“With their strange layerings of unexpected filmic and art historical references, (dark side of Walt Disney meets northern landscape), Nick Archer’s paintings have always seemed among the more genuinely complex and cultured explorations of the possibilities of landscape painting in an increasingly urbanised and disinherited culture: the more we are removed from it the deeper into our psyche it goes. These powerful new works seem to darken the picture further – David Lynch and ‘Blade Runner’ meet Altdorfer Bosch and Uccello among others, the layering involved in his paint process underlining the veils of estrangement between us and a lost Edenic world. Thus, in his images of children gazing at apparently deserted houses, we sense the loss as a profoundly metaphysical one.”
– Nicholas Usherwood, Galleries Magazine – review of ‘The Journey’ exhibition at Long and Ryle 2017
Nick Archer (born 1963) lives and works in East Sussex, England. Trained at the Royal Academy Schools in London (1996-1999), he won several awards, including 1st at the ‘Hunting Art Prize’, commendation at the ‘BP Portrait Award’ and the Figure Painting Award at the ‘Discerning Eye’. He has exhibited extensively in the UK and Europe since 1999, including exhibitions with Louise Alexander Gallery (Porto Cervo, Italy), Sarah Myerscough Fine Art (London), Galerie Hug (Paris) and Gowen Contemporary (Geneva) in 2014 and 2017. He has had 3 solo shows with Long and Ryle 2000, 2014 and 2017. He was featured in museum exhibitions including the National Portrait Gallery (London), the Wandsworth Museum (London). In 2012, he had a solo exhibition at the Maison de la Culture (Metz, France) and had a solo show at the Hastings Museum (East Sussex). Recently Nick curated ‘Time, memory and landscape’ a group exhibition at Long and Ryle, highlighting evolution in contemporary landscape painting.
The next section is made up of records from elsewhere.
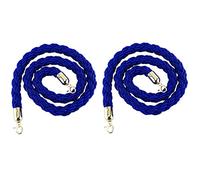 Corde de barrière en chanvre robuste pour contrôle de la foule, corde de poteau industrielle avec crochets pour événements, hôtels, théâtres - Bleu, 1,7 m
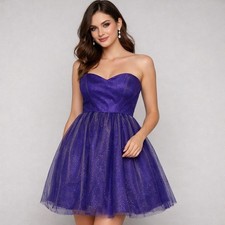 Vintage Daniela Chaidez Purple Glitter Tulle Mini Strapless Dress Prom Party 90s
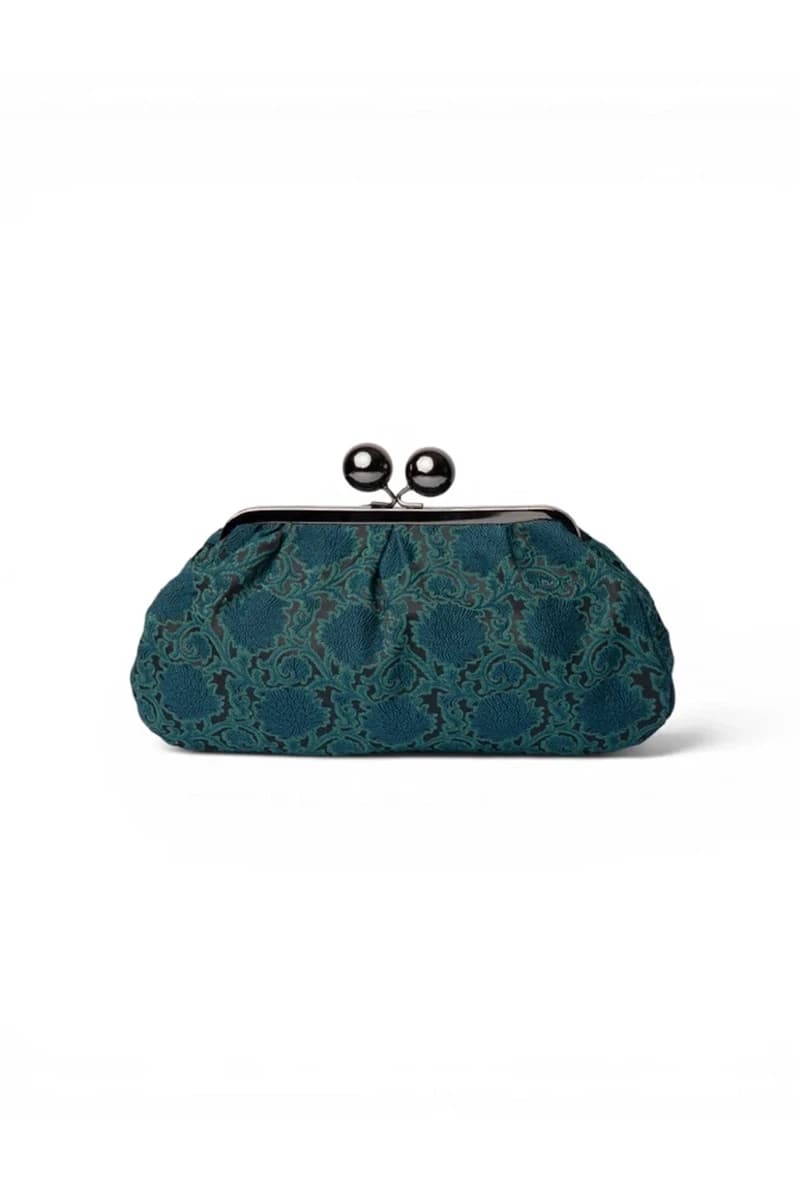 Borsetta in tessuto stampato con chiusura in metallo tono blu | MYA ACCESSORIES - 2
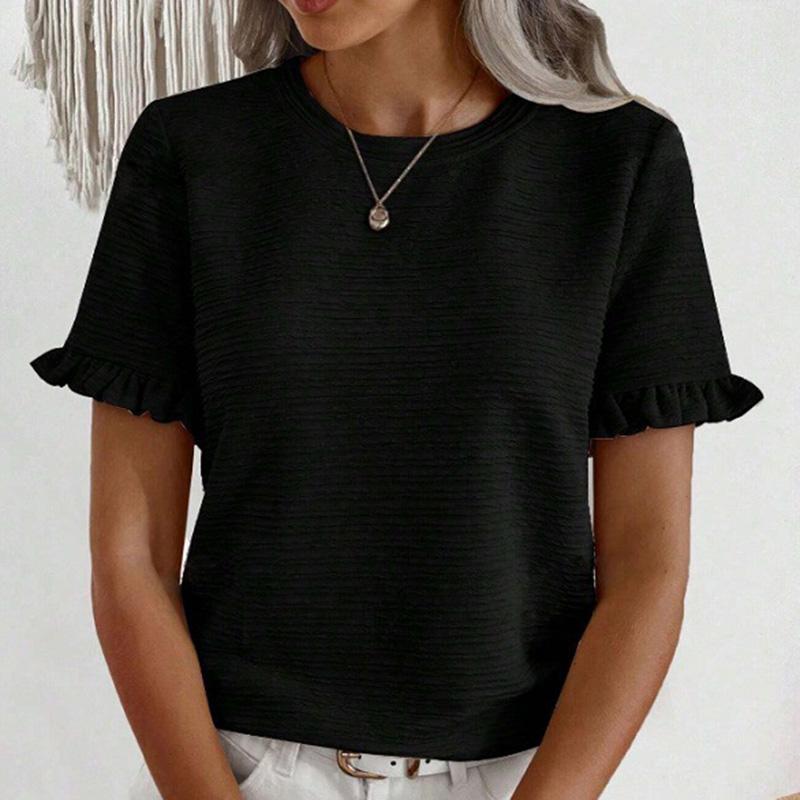Ladies Summer Ruffles Short Sleeve O Neck Pullover T Shirt Blouse Top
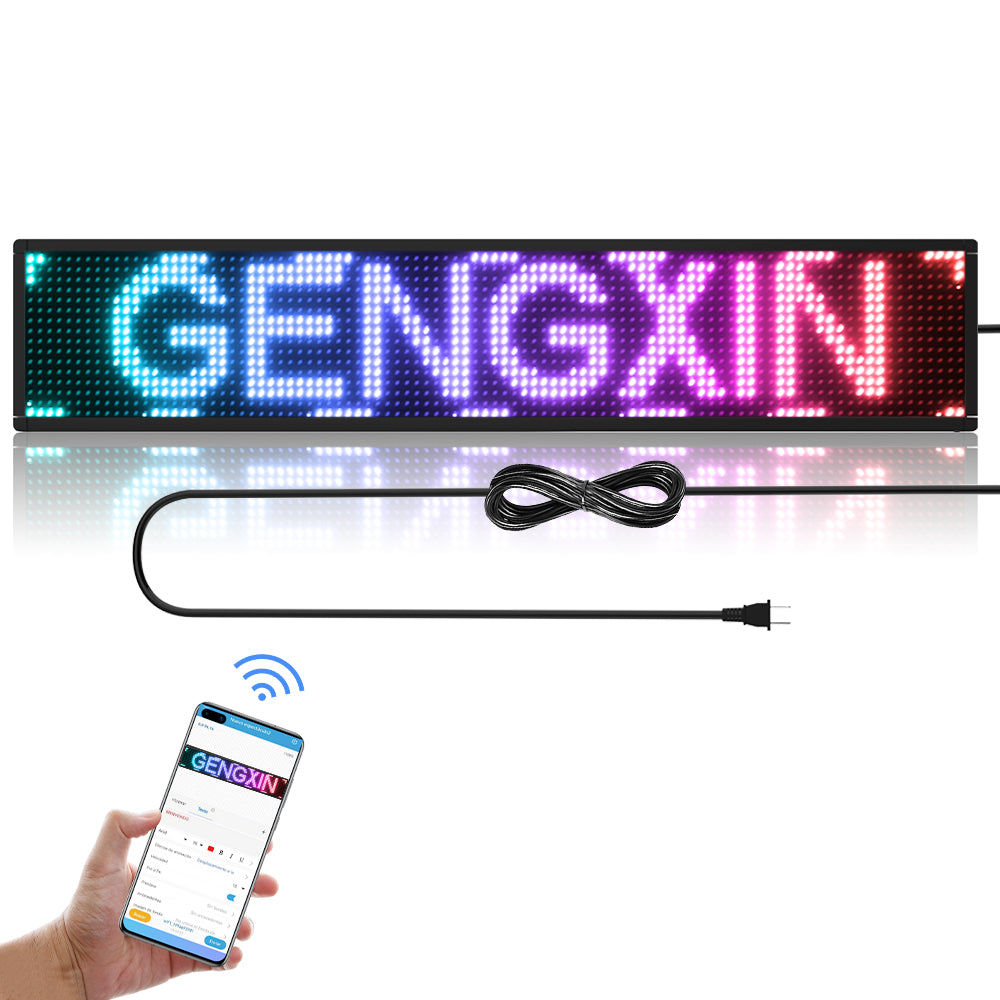 GENGXIN® LETRERO LED  LUMINOSO PROGRAMABLE, P2.5 WIFI -100 * 20 * 5.5 cm-RGB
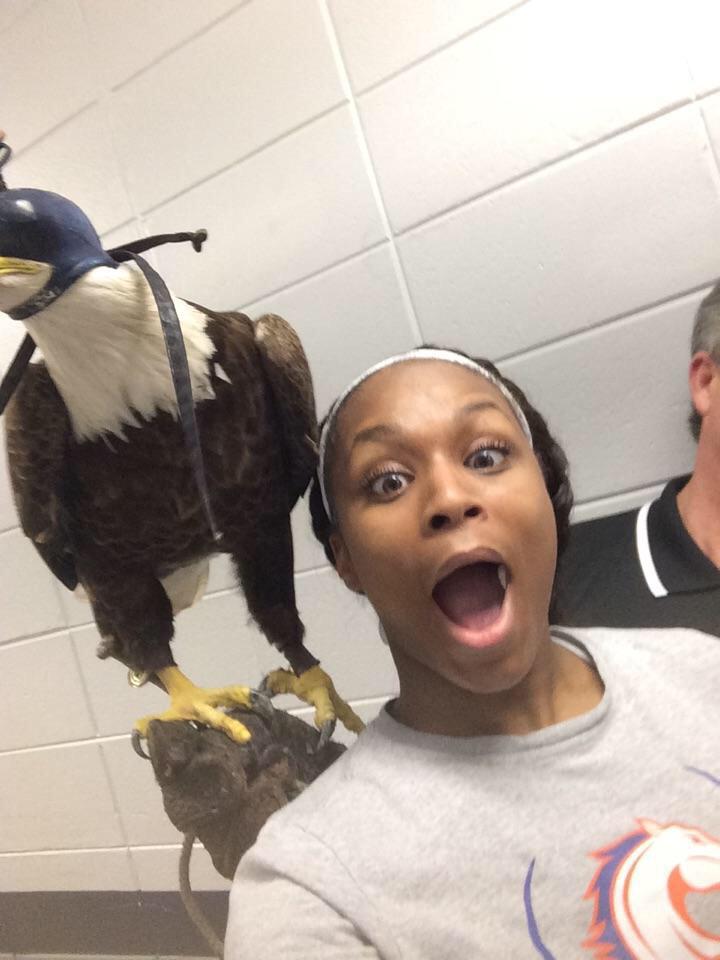 CoachGerlich's tweet photo. Don't let her face fool u, this fish "stole" the show as we tamed the Eagles 66-41 #6steals #7onsingleseasonsteallist http://t.co/Ts2jkwyHwm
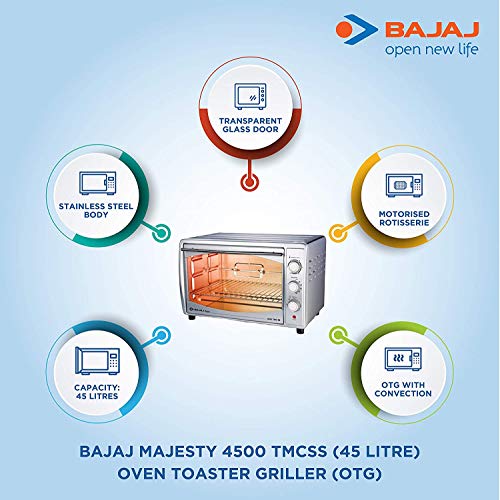 Image of Bajaj Majesty 4500 TMCSS 45-Litre Oven Toaster Grill (Silver)
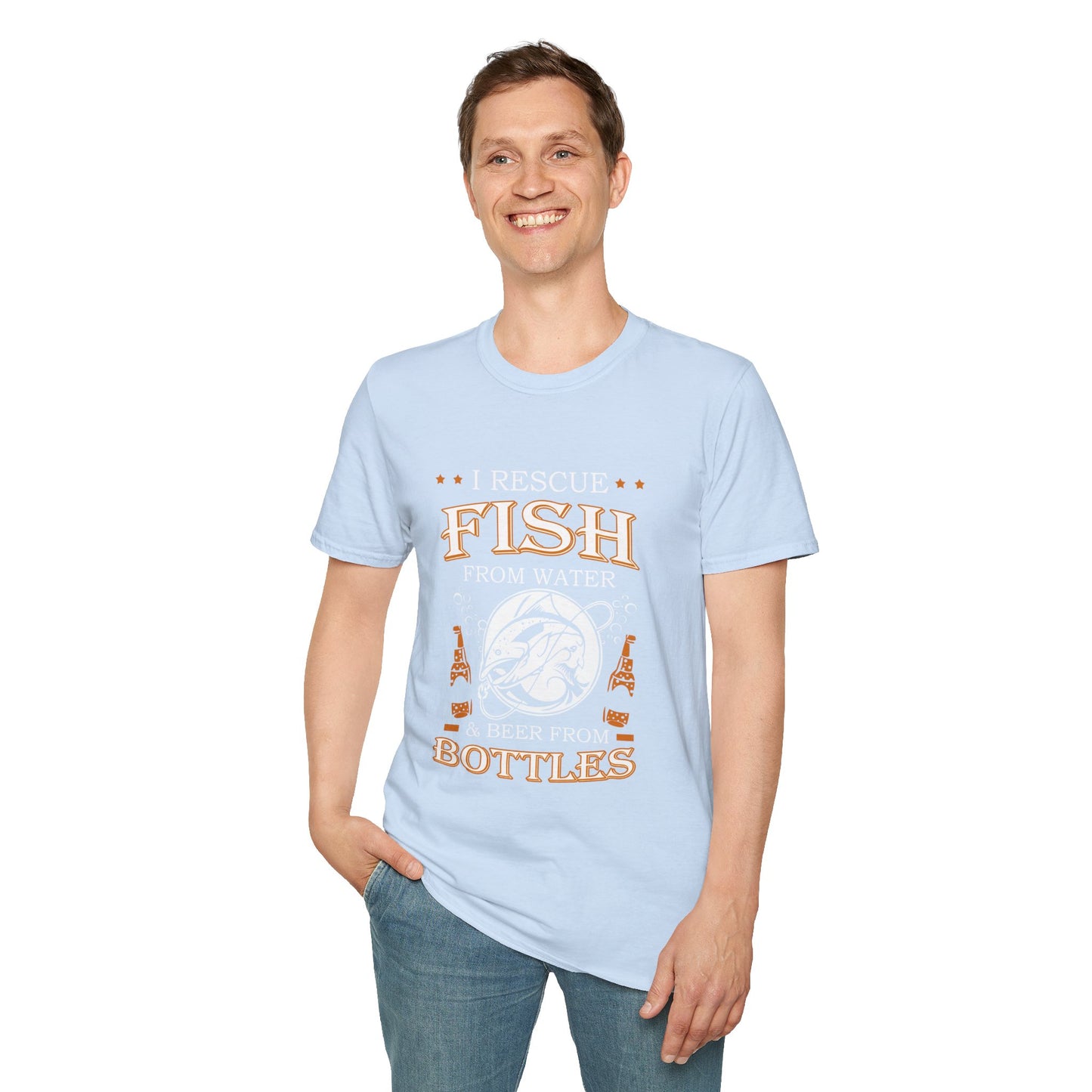 I Rescue Fish from Water & Beer from Bottles T-Shirt — Funny Fisherman Tee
The poured and layering process in his paintings is crucial to his practise. This led toward an involvement with the moving image. He animated the process of piling up layers of transparent paint on glass to reveal an artist at work. The resultant short film, “Snow” is ‘evocative and beautiful’ (Dr Arya, Art India). Nick Archer’s work is held in private, corporate and public collections around the world including the future satellite of the Hermitage Museum (Moscow).